2. You can scan over a lot of posts very quickly, and pick out what you want to read.
3. You can aggregate a lot of different websites in a single place. No need to visit each website individually.
4. Increased privacy.
5. Less tracking.
6. Increased control.
7. Fewer ads.
Probably more reasons, but these are the primary reasons why I still prefer RSS.
> What if we don’t have control over the frequency of requests (e.g. using a service like Feedly)? Do those happen often enough that we’d need to host the app ourselves?
I know the wording is a bit vague, and I know that most services don't let you customize this. I added it after I suddenly started receiving tons of traffic caused by, I suspect, a single user. This person was purposefully fetching feeds multiple times a minute.
Anyhow, if you aren't actively trying to abuse the service, you should be good. Some RSS readers have "boost" features to fetch feeds more frequently (often a paid feature).
Once I am able to add some good caching, then I may be able to remove that notice. But right now, the service is kinda overloaded and that is why some of the services (Twitter and Instagram in particular) may give you errors at the moment.
RSSBox used to have Facebook support (but only for public pages, no personal content), but when Facebook started cordoning off their API two years ago, I had to turn it off since I was unable to get my application approved. The code is still there, but I am doubtful it would work even if you manage to get an API key that works. I think the best option may be to scrape the web content now, unfortunately.
I have assumed for a while the only way to convert FB -> RSS would be to scrape the home page, but from what I recall the HTML & DOM is all kinds of messed up - intentionally obfuscated to prevent adblocking. From a quick look just now it does seem like it would be a nightmare to try to parse it as-is - and I would guess FB changes a lot of the output regularly anyway to defeat adblockers, making efforts to keep up pretty challenging.
It almost sounds like a problem best solved with OCR, rather than scraping per se. Build a simple model to recognize “posts” from screenshots, and output the rectangular viewport regions of their inner content; then build some GIS-like layered 2D interval tree of all the DOM regions, such that you could ask Puppeteer et al to filter for every DOM node with visibility overlap with that viewport region; extract every single Unicode grapheme-cluster within those nodes separately, annotated with its viewport XY position; and finally, use the same kind of model that lets PDF readers you highlight “text” (i.e. arbitrary bags of absolute-positioned graphemes) in PDFs, to “un-render” the DOM nodes’ bag of positioned graphemes back into a stream of space/line/paragraph-segmented text.

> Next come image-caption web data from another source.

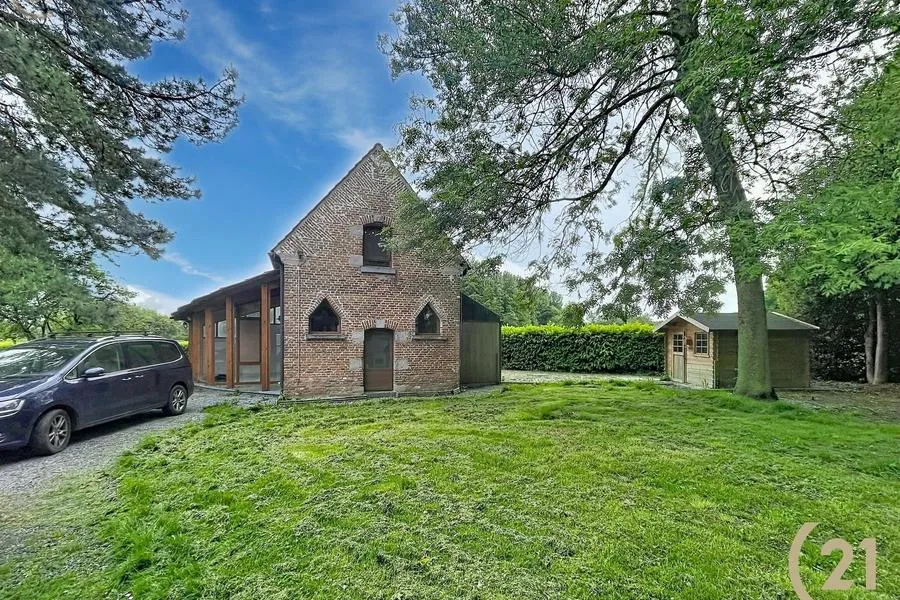 Extérieur - Maisonnette Charmante dans le Domaine d'un Château à Braffe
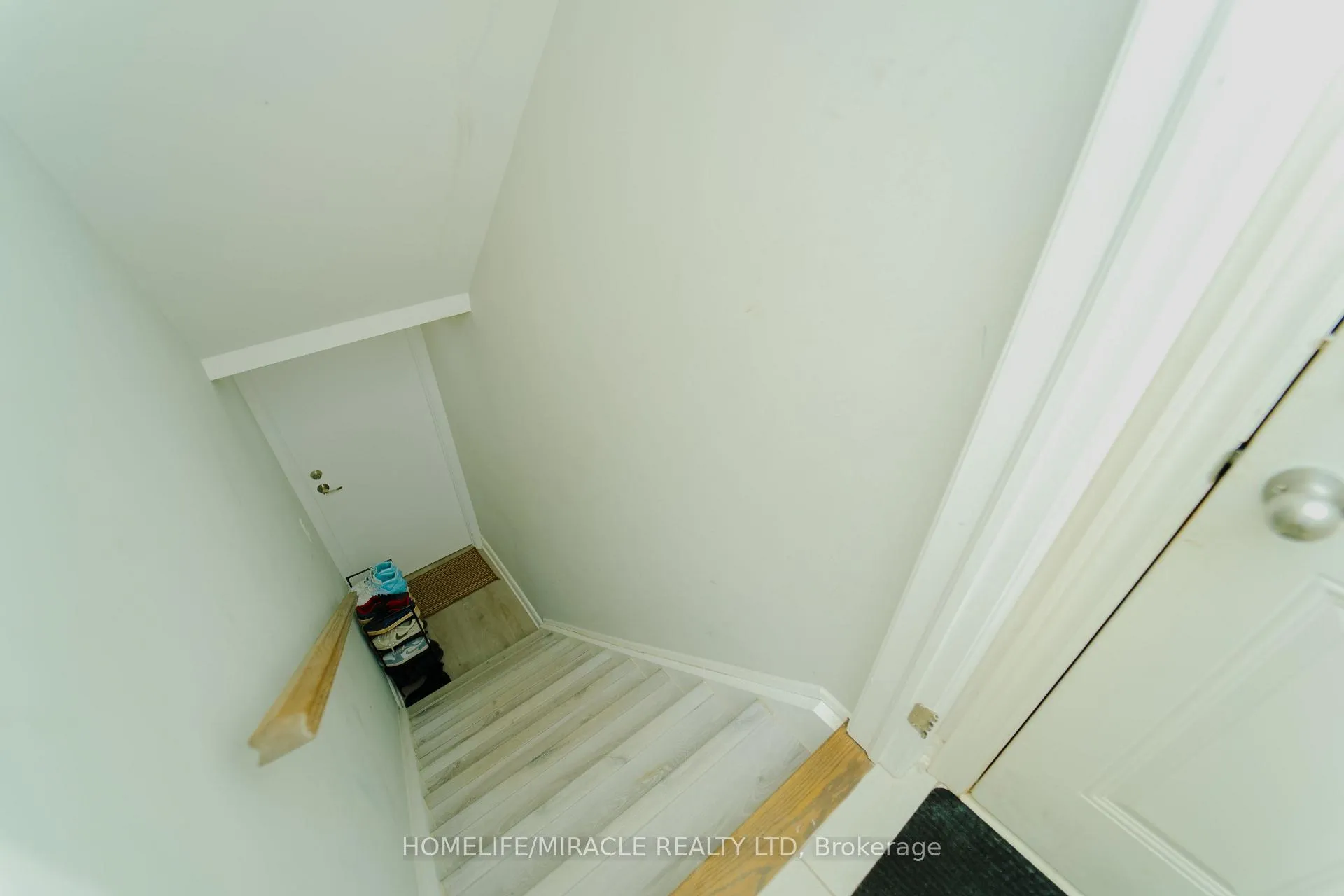Photo 38 of 18 Truffle Court, Brampton, Northwest Brampton — HOMEH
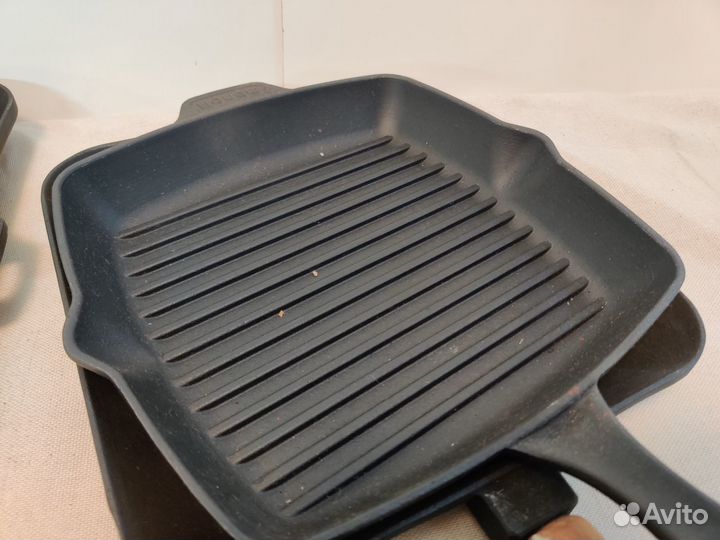 Чугунная сковорода гриль новая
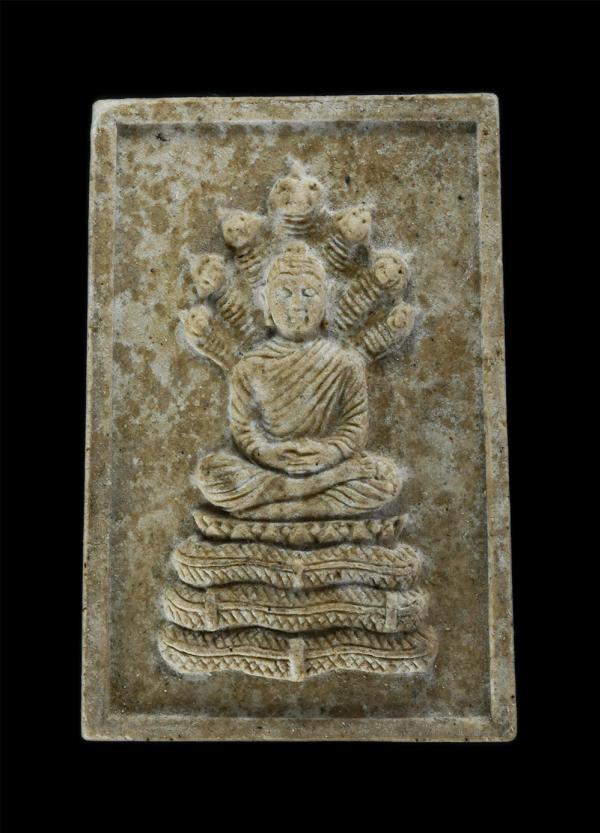 พระสมเด็จนาคปรก หลวงปู่ครูบาบุญปั๋น ธมฺมปญฺโญ วัดร้องขุ้ม อ.สันป่าตอง จ.เชียงใหม่ รุ่นอายุวัฒนมงคล 88 ปี พ.ศ. 2538 เนื้อผงพุทธคุณ  [..] | https://kamulet.in.th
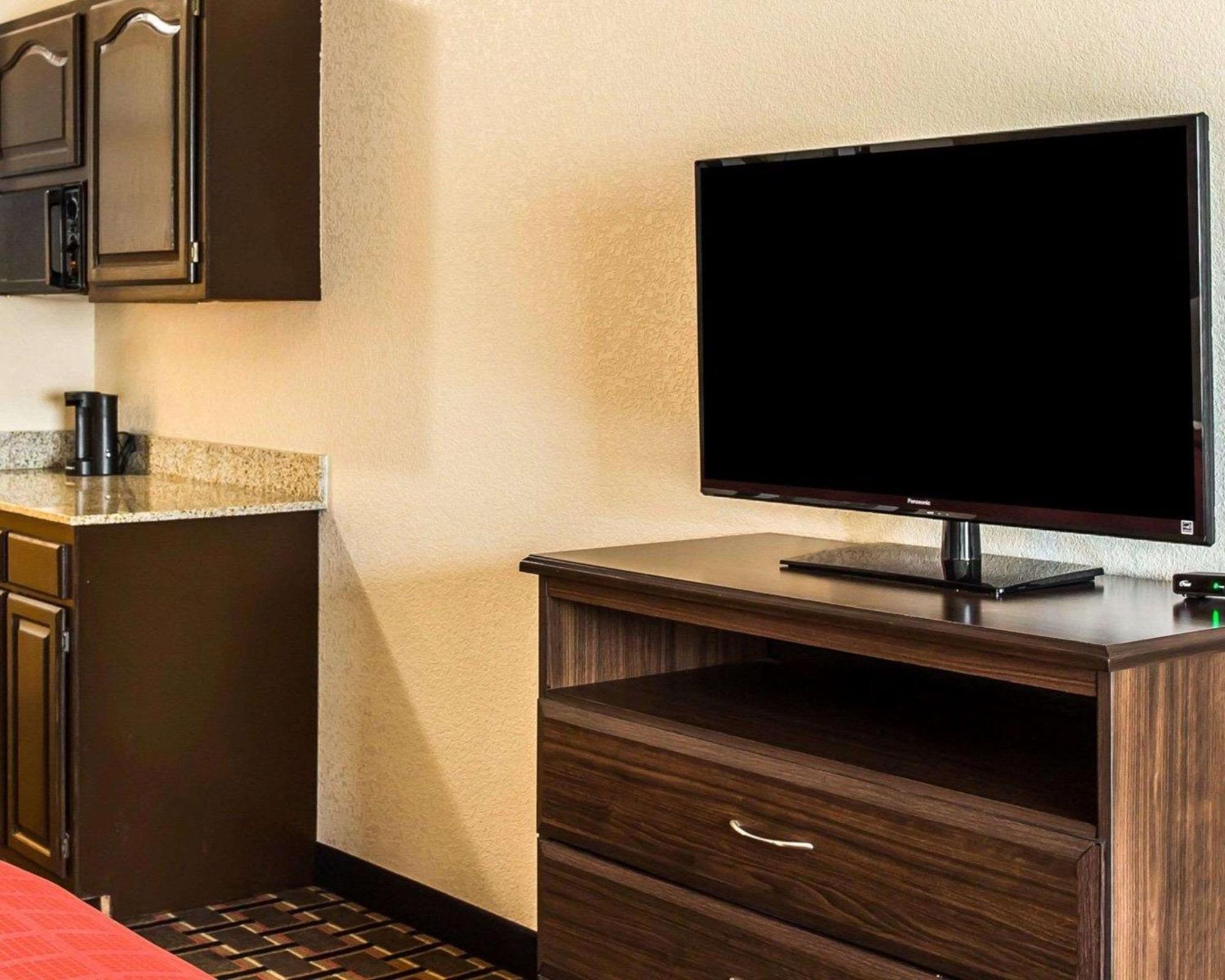 Quality Suites Hickory South Eksteriør billede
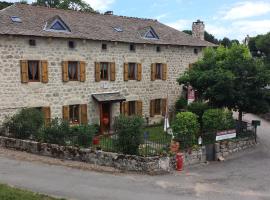 La Pierre Trouée Chambre d'Hôtes, spahotell i Châteauneuf-de-Randon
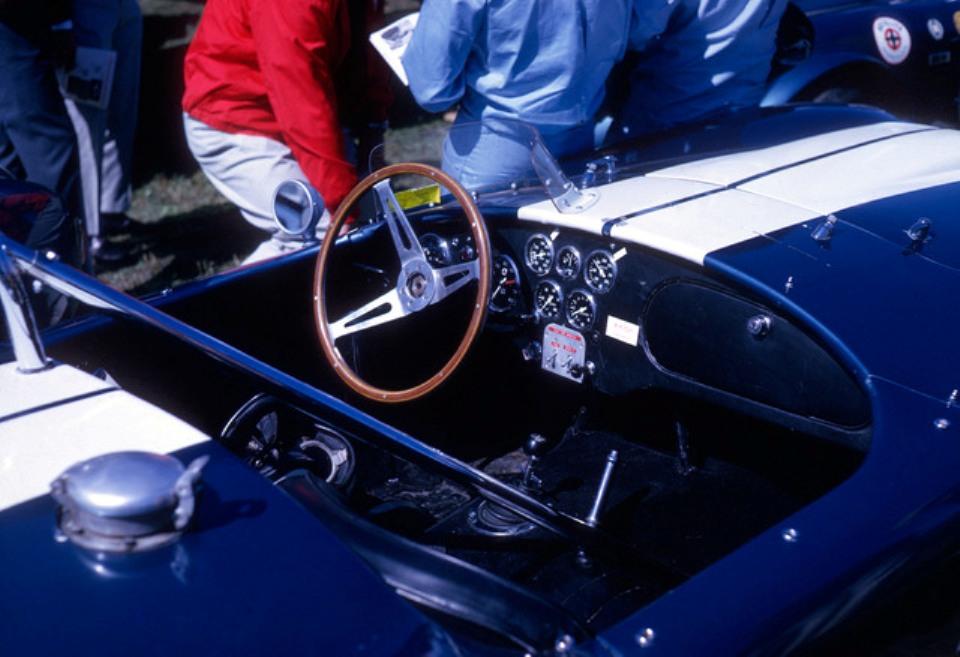 25919449_Cobra_1964_RoadAmerica_sept_cockpitcsx.jpg.741090efd06af9a1913f489cbcd10cbd.jpg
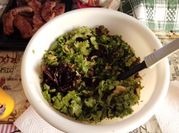 Una foto de ensalada de calamar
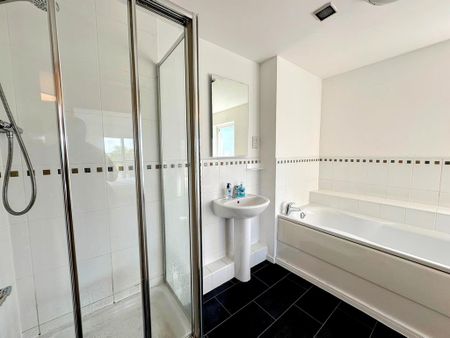 2 bedroom apartment to rent - Photo 5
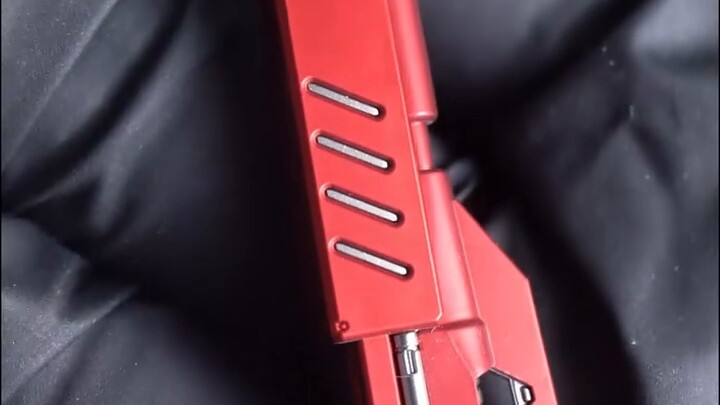 Char actually drives a Bull Gundam? [PYD STUDIO spray painting example sharing]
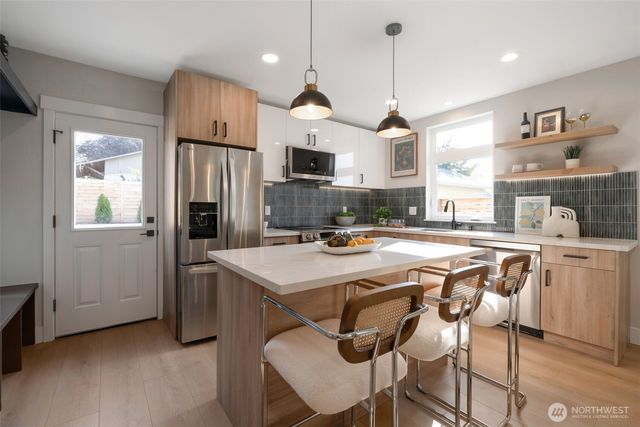 1605 SW Kenyon Street, Seattle, WA 98106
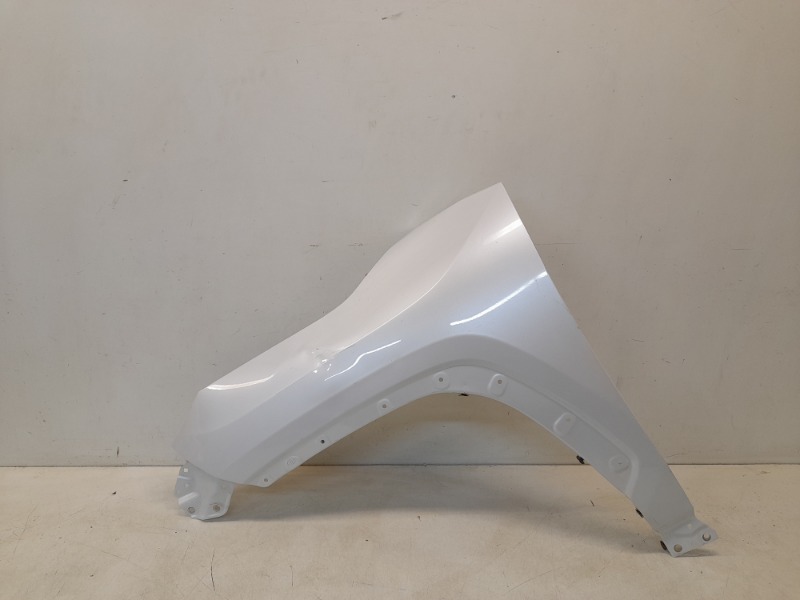 Крыло переднее левое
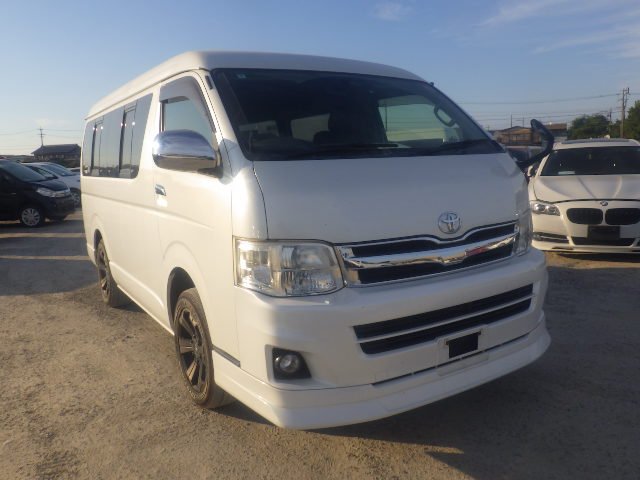 Toyota Hiace 2012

You are correct in that it is somewhat starved of resources. The free Heroku instance that I host is running on the free Heroku dyno (512 MB RAM). I do not have a good caching solution currently, which is why Twitter and Instagram are almost always returning errors now. I suspect a single person is responsible for most of the issues (see GitHub issue #38). It's actually amazing how well it runs considering how much traffic is thrown at it.
At some point I hope to get enough time to implement a caching solution, which should hopefully resolve most of these issues.
Instagram used to have an open API, but that is closed down now. The app is currently using some private-ish endpoints, but they are ratelimited. I need to add caching. More people have started using my app recently, and I have not had time to add caching yet.